27 Şubat 2012 Pazartesi

Avukatların tutukluluğuna itiraz

Savunmaya Özgürlük Platformu, 90 gündür tutuklu olan avukatlar hakkında verilen tutuklama kararının kaldırılması ve tahliye taleplerinin duruşmalı incelenmesi istemiyle dilekçe verdi.

Savunmaya Özgürlük Platformu, "KCK" soruşturması kapsamında 90 gündür tutuklu olan avukatlar hakkında tutuklama kararının kaldırılmasını ve tahliye taleplerinin duruşmalı incelenmesi talebiyle İstanbul Ağır Ceza Mahkemesi Başkanlığı'na dilekçe verdi.

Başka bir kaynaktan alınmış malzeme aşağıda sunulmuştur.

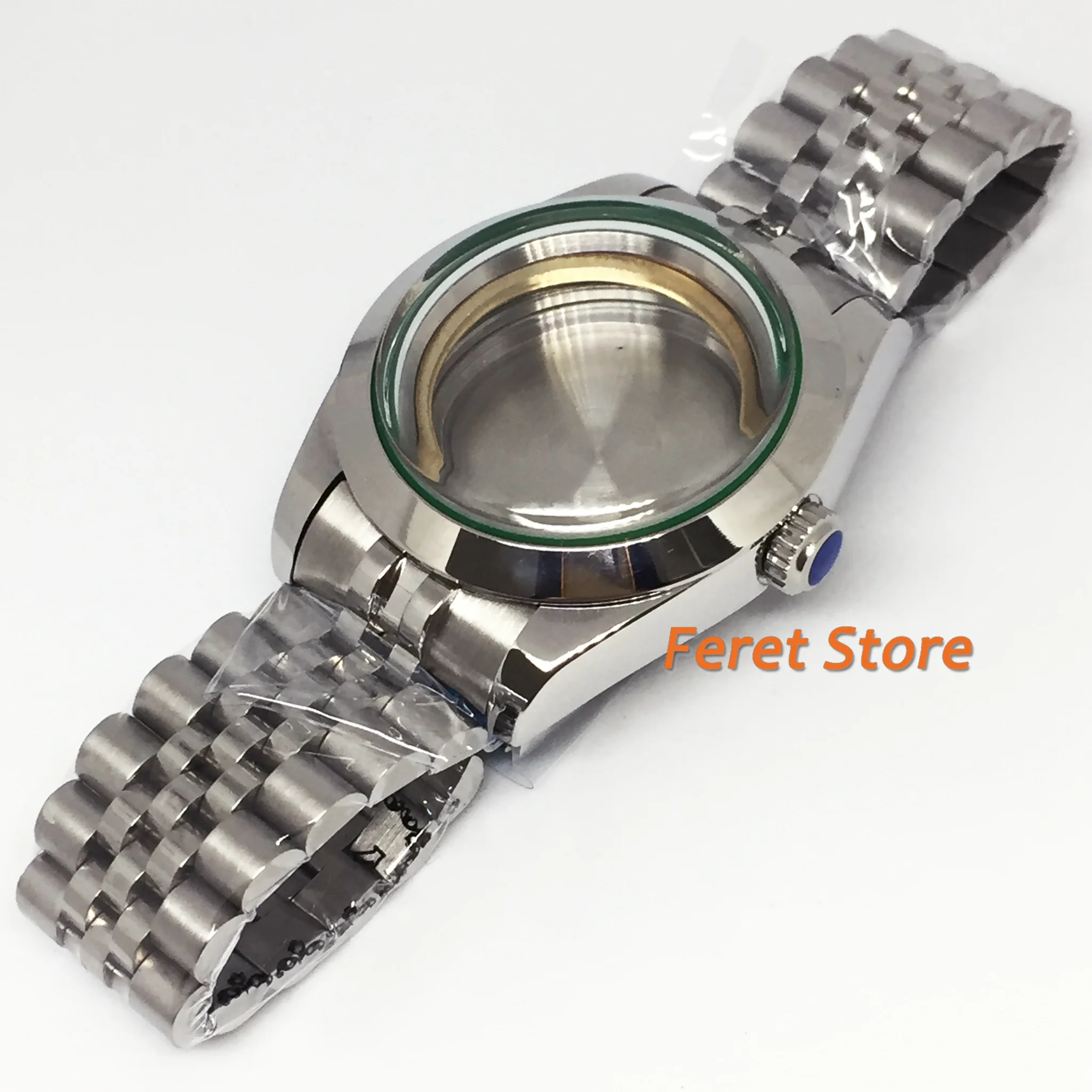 

40mm silver case coated glass stainless steel watch case Watch strap fit ETA 2836 Miyota 8215 821A Mingzhu DG2813 3804 movement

'KARARLARIN HEPSİ GEREKÇESİZ'

Beşiktaş Adliyesi önünde Savunmaya Özgürlük Platformu adına açıklama yapan Avukat Several Ballıkaya, 36 avukatın 26 Kasım 2011'den beri tutuklu olduğunu hatırlattı. Mahkemenin 30 Kasım'da verdikleri itiraz dilekçesini reddettiğini anımsatan Ballıkaya, mahkemenin verdiği tutuklama kararı gibi itiraz ve itirazın reddi kararlarının da gerekçesiz olduğunu vurguladı.

Anayasa'nın 141. maddesine göre, bütün mahkemelerin her türlü kararları gerekçeli olarak yazması zorunluluğu olduğunu kaydeden Ballıkaya, Yargıtay'ın bir çok kararında, gerekçesiz kararların keyfiliğe yol açacağına dikkat çektiğini, yeterli gerekçe belirtmeyen mahkemelerin kararını bozduğunu kaydetti.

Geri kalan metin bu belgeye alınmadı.